It’s entirely possible to build a positive credit history by using credit cards while living paycheck-to-paycheck, but you have to tread carefully.

When I opened my first credit card as a college student, I was definitely living paycheck-to-paycheck. Today I’m much more financially stable, but thanks to student loan debt and an auto loan, my budget is still pretty tight. As a result — and after some honest mistakes — I’ve had to fine-tune my credit use to make it fit my budget constraints and still be a useful tool.

Here are some tips to help you do the same if you’re living paycheck-to-paycheck:

5 tips for building credit while living paycheck-to-paycheck

1. Decide how to use your card ahead of time.

Relying on credit as an extension of your monthly income will quickly drive you into debt. Instead of spending on plastic however you please, designate a handful of specific bills or regular purchases as your only credit card expenses.

I currently have a card that pays only my monthly Netflix bill of $8.95 and two weeks of fuel, which is usually about $20-$25. I was going to use the money in my checking account to pay for those expenses anyway, so doing this doesn’t affect my spending plan and it keeps my cards active. Not using credit cards for a long time can lead to additional fees or even a closed account — which could negatively impact your credit score — if your issuer decides to take action. I also make sure to pay my credit card balance off after I make the charges.

2. Don’t waste money on annual fees.

If you’re on a tight budget, cutting extra costs is essential. With so many no-annual-fee credit cards on the market, save precious dollars and apply for one of those cards. If you currently have a card with an annual fee, do things in the right order: First, pay any remaining balance, and apply for a different fee-free card. Once you have the new card in hand, then you can freely close the fee card.

I wish I had paid more attention to fees before I applied for my second card, which is a travel rewards card with a $95 annual fee.
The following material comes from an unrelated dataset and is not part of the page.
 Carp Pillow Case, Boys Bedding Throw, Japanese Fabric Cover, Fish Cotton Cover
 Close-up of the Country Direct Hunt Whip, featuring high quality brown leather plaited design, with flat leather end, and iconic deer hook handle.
I’m currently in the hunt for a new card, but I’ve already paid the annual fee for 2015. Avoid a similar situation and only give your attention to cards with as few extra fees as possible.

3. Don’t carry cards with you all the time.
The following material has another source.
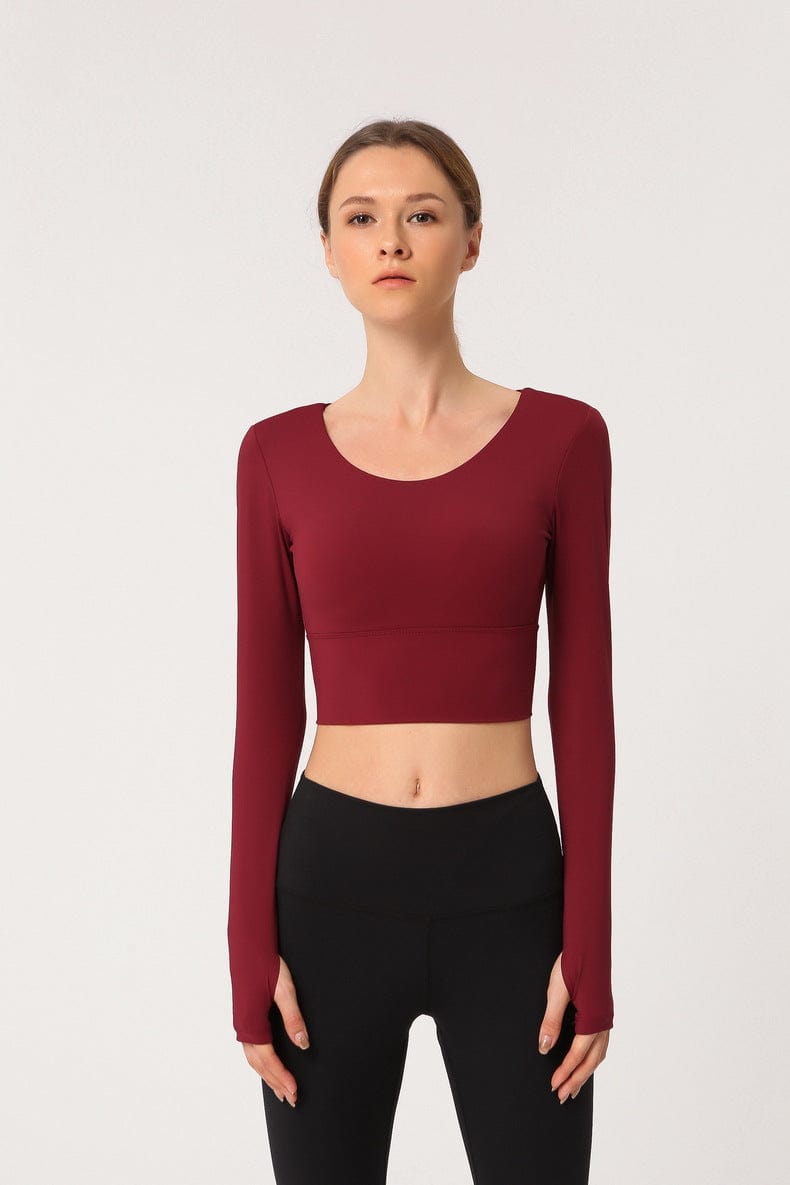 Long Sleeve Fitted Sport Shirt with Open Criss Cross Back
If you know you are an impulsive or emotional shopper, leave your plastic at home when you are headed to a store or social event that may encourage you to spend money you don’t have. If you don’t have it, you can’t use it.
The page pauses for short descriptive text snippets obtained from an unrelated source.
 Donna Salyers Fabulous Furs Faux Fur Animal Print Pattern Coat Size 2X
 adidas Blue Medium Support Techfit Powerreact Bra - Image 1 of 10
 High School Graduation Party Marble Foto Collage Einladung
Also, avoid saving your card information as a preferred method of payment online. Besides being a security risk, having card info on file makes it too easy to click a few buttons and make a purchase without thinking twice about the financial implications. I’ve noticed that I spend my money more carefully online if I have to actually go get my card out of my wallet and manually type in all the information.

4. Pay your balance off frequently.

Monitoring your spending on a tight budget is hard (and stressful) enough without adding a credit card account or two to the picture. To keep better tabs on financial behavior, pay off your credit cards at the end of each week or as each paycheck comes in instead of waiting until the end of every month or until the due date rolls around.

Paying off your (planned) card balances each week ensures you won’t carry a balance long-term and can make managing your finances less stressful, since you are breaking it down one week at a time instead of facing a big balance when all your other bills are due.

I’m trying to get better at this and have started checking my card accounts at the end of each week to ensure my monthly budget is on track. If something is off, I adjust my spending for the next week accordingly.

5. Save money.

If you don’t prepare financially for the unexpected, your credit cards often have to come to the rescue, leaving you with interest-accruing debt your budget can’t handle.

Saving money is something many Americans struggle with, according to a March 2015 survey conducted by NeighborWorks America. Approximately 34 percent of U.S. adults don’t have emergency savings and of those that do, 47 percent said their savings would last them three months or less. I personally fall into that 47 percent pool, which is concerning, but hard to address when a tight budget only lets you to save so much at a time.

It’s hard to tuck money into savings when the rest of your life demands it be used now, but it’s important to start somewhere, even if it’s only $20 each payday. Establishing a cushioned savings account will keep you from having to rely on credit cards and make your credit journey a positive one.